▶ _EXERCISE BRIEF_
What you return must match the listing below character for character, minus any pictures.

▶ _SUPPLIED MATERIAL_
----

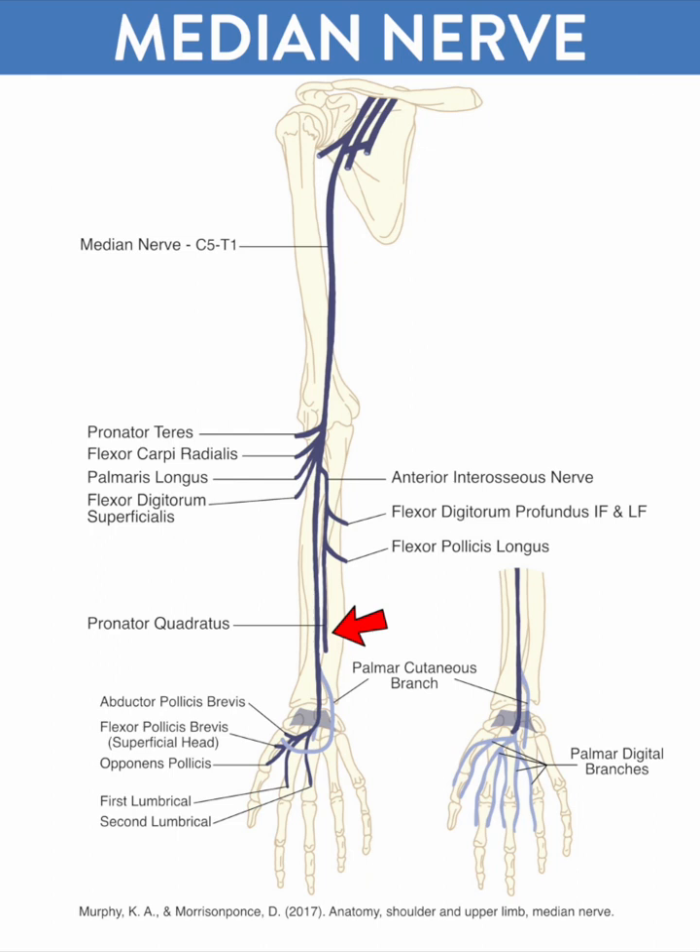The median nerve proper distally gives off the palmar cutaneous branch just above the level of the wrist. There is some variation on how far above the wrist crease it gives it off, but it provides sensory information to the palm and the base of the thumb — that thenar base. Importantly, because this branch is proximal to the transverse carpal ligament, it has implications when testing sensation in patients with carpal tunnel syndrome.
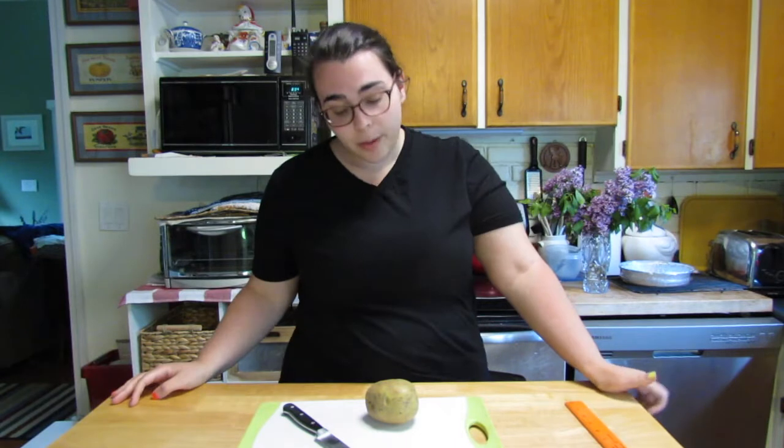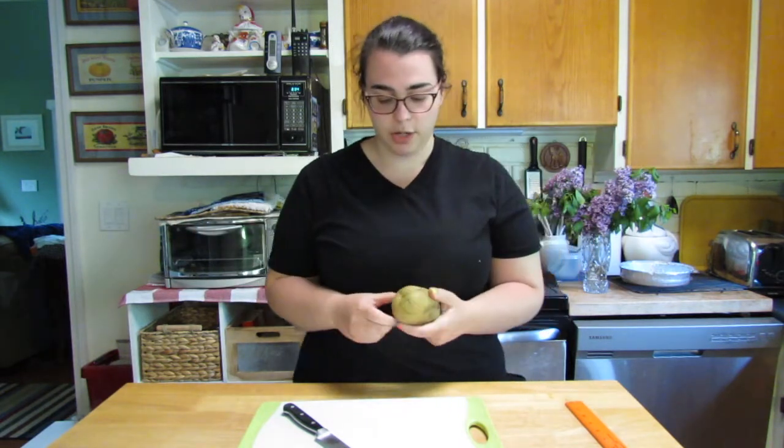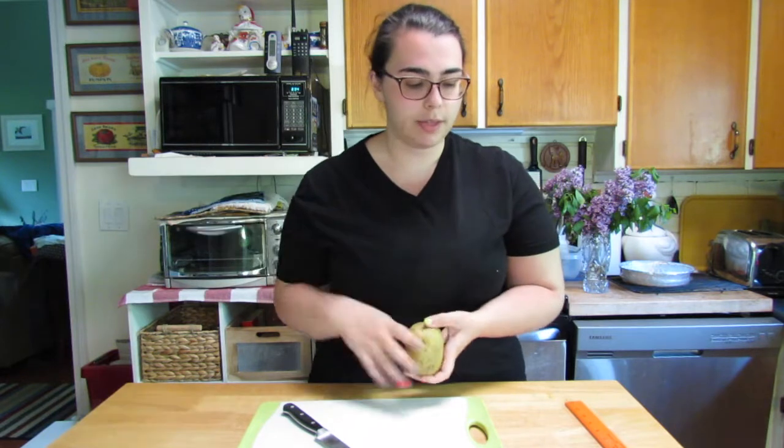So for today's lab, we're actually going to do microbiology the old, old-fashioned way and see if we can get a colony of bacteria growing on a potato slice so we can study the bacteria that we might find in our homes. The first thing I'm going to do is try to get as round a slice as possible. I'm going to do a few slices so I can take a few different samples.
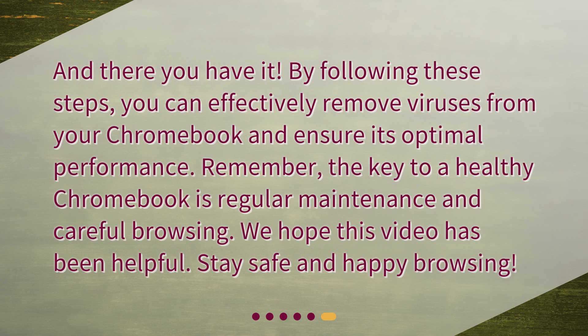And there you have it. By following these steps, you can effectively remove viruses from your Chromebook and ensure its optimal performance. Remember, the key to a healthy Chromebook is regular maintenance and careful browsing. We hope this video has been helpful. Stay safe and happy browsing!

----

▶ _ANSWER BOX_
The median nerve proper distally gives off the palmar cutaneous branch just above the level of the wrist. There is some variation on how far above the wrist crease it gives it off, but it provides sensory information to the palm and the base of the thumb — that thenar base. Importantly, because this branch is proximal to the transverse carpal ligament, it has implications when testing sensation in patients with carpal tunnel syndrome.
So for today's lab, we're actually going to do microbiology the old, old-fashioned way and see if we can get a colony of bacteria growing on a potato slice so we can study the bacteria that we might find in our homes. The first thing I'm going to do is try to get as round a slice as possible. I'm going to do a few slices so I can take a few different samples.
And there you have it. By following these steps, you can effectively remove viruses from your Chromebook and ensure its optimal performance. Remember, the key to a healthy Chromebook is regular maintenance and careful browsing. We hope this video has been helpful. Stay safe and happy browsing!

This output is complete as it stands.